The video is nearly the complete concert. The only missing songs are: Run (performed after I Wanna Make Love To You), Have You Ever Loved a Woman and Ramblin' on My Mind (the second encore).

DVD track listing
| No. | Title | Writer(s) | Length |
|---|---|---|---|
| 1. | "Crossroads" | Robert Johnson | 5:12 |
| 2. | "White Room" | Pete Brown · Jack Bruce | 5:39 |
| 3. | "I Shot the Sheriff" | Bob Marley | 6:28 |
| 4. | "I Wanna Make Love to You" | Jerry Lynn Williams | 5:54 |
| 5. | "Miss You" | Eric Clapton · Greg Phillinganes · Bobby Colomby | 4:58 |
| 6. | "Same Old Blues" | Eric Clapton | 13:11 |
| 7. | "Tearing Us Apart" | Eric Clapton · Greg Phillinganes | 6:05 |
| 8. | "Holy Mother" | Eric Clapton · Stephen Bishop | 5:00 |
| 9. | "Behind the Mask" | Chris J. Mosdell · Ryuichi Sakamoto | 5:00 |
| 10. | "Badge" | Eric Clapton · George Harrison | 3:54 |
| 11. | "Let It Rain" | Eric Clapton · Bonnie Bramlett | 6:59 |
| 12. | "In the Air Tonight" | Phil Collins | 5:13 |
| 13. | "Cocaine" | JJ Cale | 5:40 |
| 14. | "Layla" | Eric Clapton · Jim Gordon | 4:09 |
| 15. | "Sunshine of Your Love" | Eric Clapton · Jack Bruce · Pete Brown | 2:58 |
| 16. | "Further on Up the Road" | Joe Medwick · Don Robey | 5:05 |

==Critical reception==
Music critic Linus Schwanke calls the release "in every way a highlight." He goes positively on in his review, noting Live at Montreux 1986 is a "huge enjoyment for ears and eyes" and "this is how perfect blues-rock should be written, recorded and played." Olaf Oetken of Rocktimes online magazine notes the release features "important music of one of the world's most important and best guitar players." Oetken also calls the video release "one of Eric Clapton's best concerts". Allmusic did not rate the release yet.

==Personnel==

===Main personnel===
- Eric Clapton – Guitar · lead vocals
- Nathan East – Bass guitar · backing vocals
- Phil Collins – Drums · backing vocals
- Greg Phillinganes – Keyboards · backing vocals

===Production crew===
- Thierry Amsallem – Director
- Andree Buchler – Post production
- Eric Glardon – Post producer

- Keith Haring – Poster designer
- Michael Heatley – Liner Notes writer
- Claire Higgins – Production coordination
- Rosie Holley – Associate producer
- Geoff Kempin – Executive producer
- Claude Nobs – Executive producer
- Jean Ristori – Post producer · post production
- Melissa Roy – Associate producer
- Terry Shand – Executive producer
- Abbi Welch – Production coordination

==Chart performance==
Live at Montreux 1986 peaked at number two on the Portuguese Top 30 music DVD chart in late 2006. In Austria, the DVD release, reached his second best charting position, respectively peaking at number eight on the Ö3 Austria Top 10 music DVD chart in October 2006, where it stayed one week on chart.
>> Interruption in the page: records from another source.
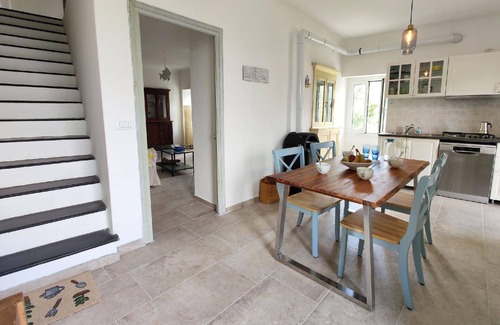 Tavole House | Relaxing Holiday House Prela: 3 Bedrooms & Pool Access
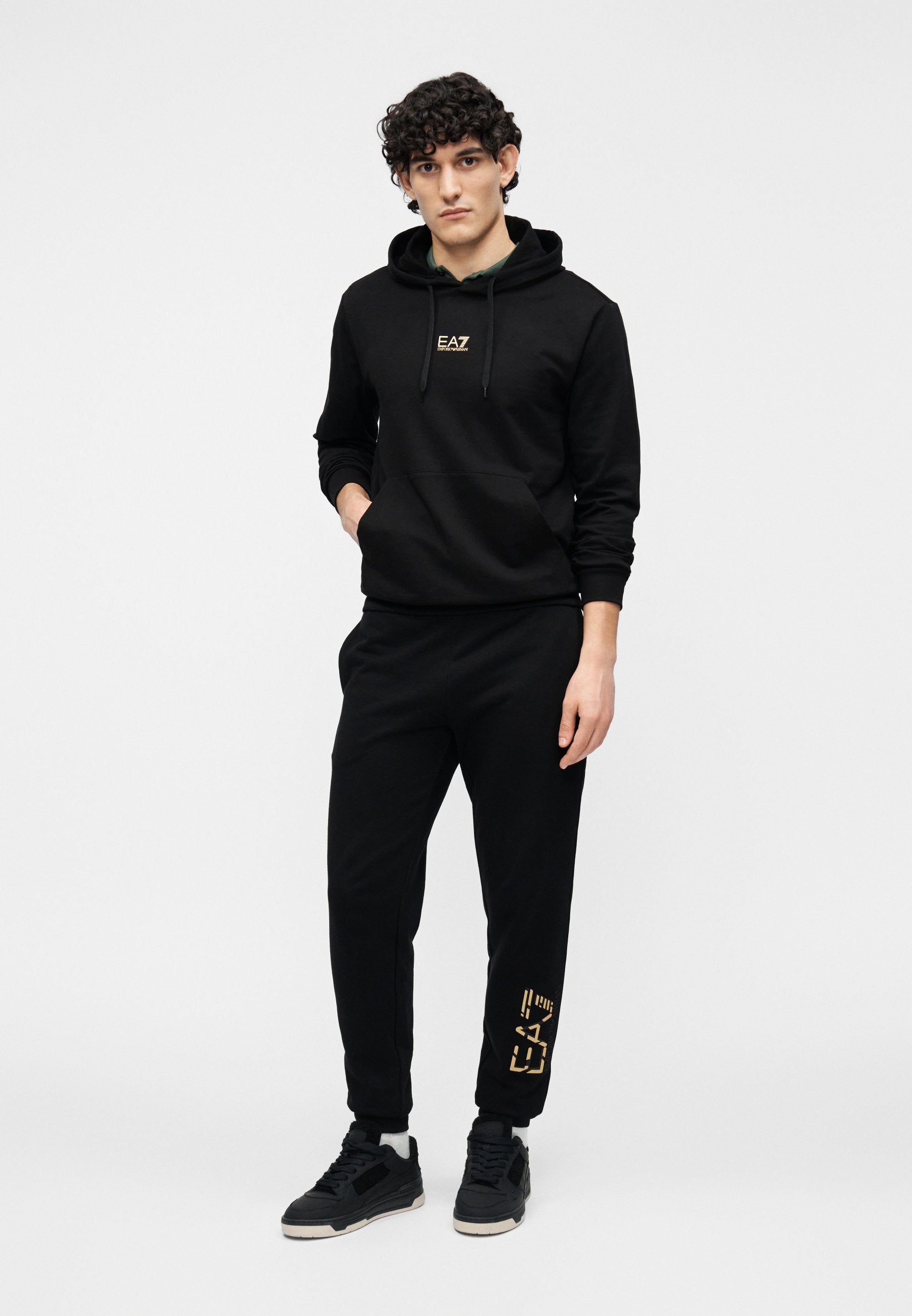 TRAIN CORE HOODIE UNISEX - Hoodie - black/gold-coloured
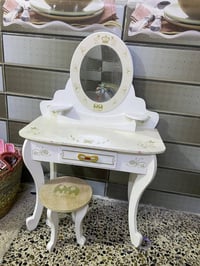 ميز اطفال سعره 25 طبله وسطيه 25   بغداد 07821344588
In the United Kingdom, the release positioned itself at rank 23 on the music DVD chart, compiled by the Official Charts Company. In the Netherlands, Live at Montreux 1986 reached number 26 on the MegaCharts compilation. In Germany, the DVD charted on the official Media Control albums chart at number 99. The release reached the year-end charts in Portugal on number 31, making it Eric Clapton's only DVD to reach the country's year-end chart. In Canada, New Zealand and the United States, the release was awarded a gold disc for outstanding sales. In Australia, the DVD was certified platinum to commemorate the nationwide sales. In total, the release sold more than 72,500 copies worldwide.

==Chart positions==

===Weekly charts===

| Chart (2006–07) | Peak position |
|---|---|
| Australian Music DVD (ARIA) | 2 |
| Austrian Music DVD (Ö3 Austria) | 8 |
| Dutch Music DVD (MegaCharts) | 26 |
| German Albums (Offizielle Top 100) | 99 |
| Portuguese Music DVD (AFP) | 2 |
| UK Music Video DVD (OCC) | 23 |

===Year-end charts===

| Chart (2006) | Position |
|---|---|
| Portuguese Music DVD (AFP) | 31 |

==Certifications==

| Region | Certification | Certified units/sales |
| Australia (ARIA) | Platinum | 15,000^{^} |
| Canada (Music Canada) | Gold | 5,000^{^} |
| New Zealand (RMNZ) | Gold | 2,500^{^} |
| United States (RIAA) | Gold | 50,000^{^} |
^{^} Shipments figures based on certification alone.